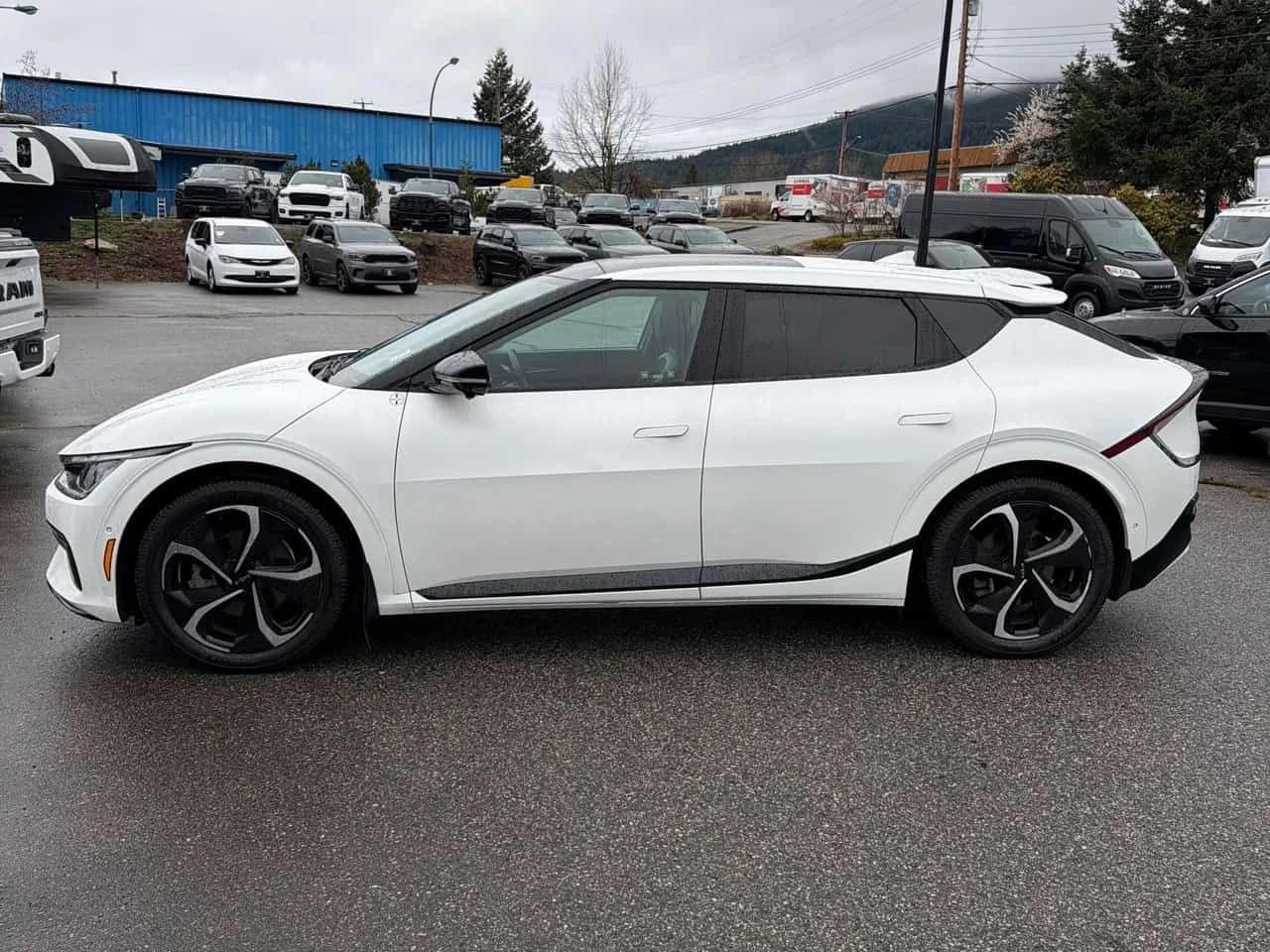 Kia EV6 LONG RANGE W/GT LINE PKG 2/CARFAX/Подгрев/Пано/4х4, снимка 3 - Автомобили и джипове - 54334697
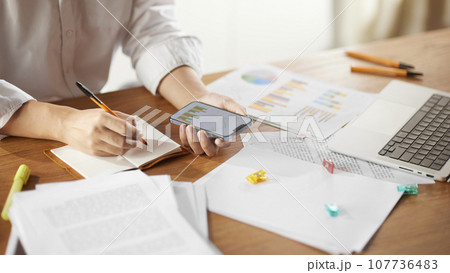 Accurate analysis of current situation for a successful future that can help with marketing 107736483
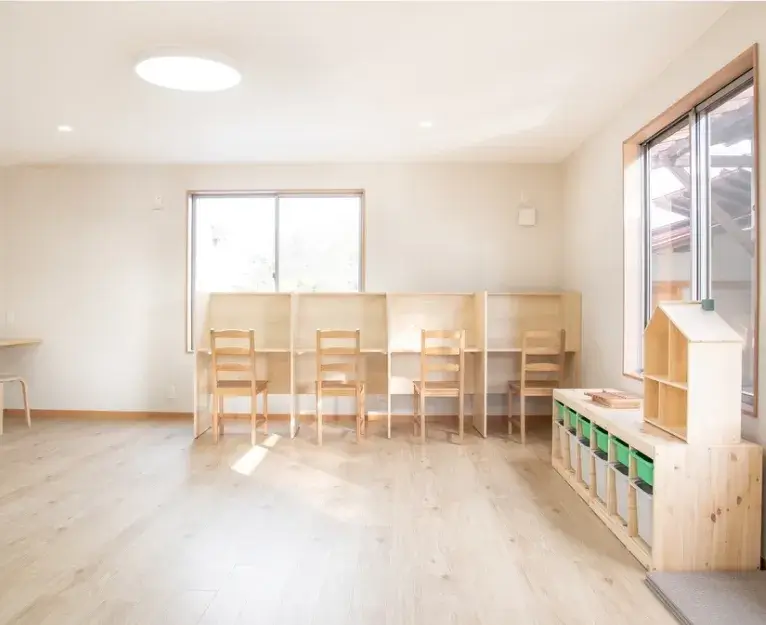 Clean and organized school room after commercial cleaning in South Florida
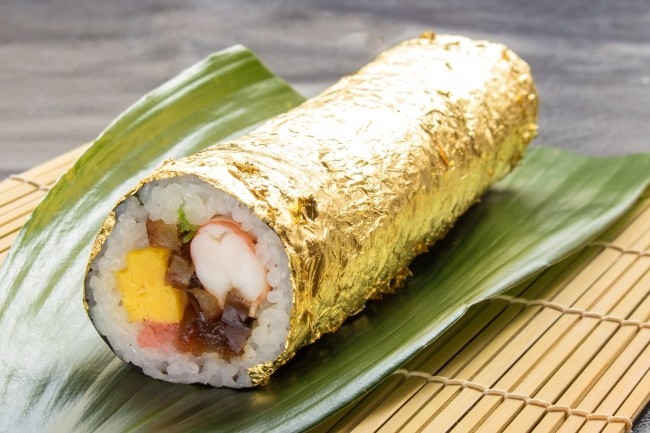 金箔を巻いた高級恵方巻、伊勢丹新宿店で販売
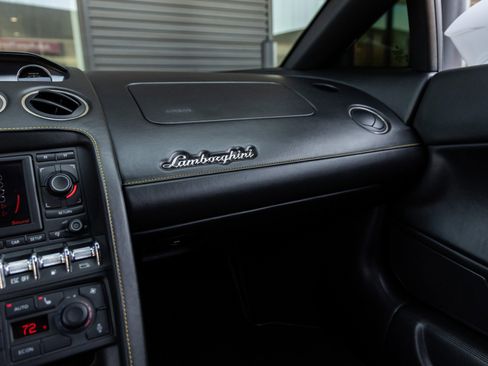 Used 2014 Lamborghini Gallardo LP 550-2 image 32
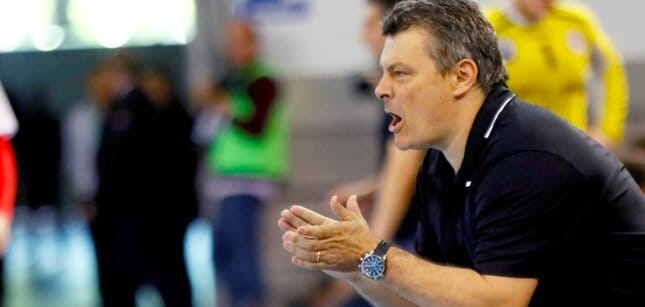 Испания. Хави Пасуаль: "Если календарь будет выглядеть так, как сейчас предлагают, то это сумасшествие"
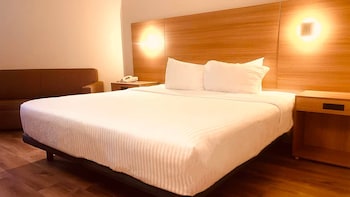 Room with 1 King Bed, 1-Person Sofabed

__________

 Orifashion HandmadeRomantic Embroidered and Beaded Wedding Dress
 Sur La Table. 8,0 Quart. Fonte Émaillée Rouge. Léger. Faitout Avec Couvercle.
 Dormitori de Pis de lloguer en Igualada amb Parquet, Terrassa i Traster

__________

→ **Task**
Give the lines above again exactly, from the one containing "календарь будет выглядеть" to the one containing "Room with 1 King Bed, 1-Person Sofabed", both included, but leave out the pictures.

→ **Response to the task**
 Испания. Хави Пасуаль: "Если календарь будет выглядеть так, как сейчас предлагают, то это сумасшествие"
 Room with 1 King Bed, 1-Person Sofabed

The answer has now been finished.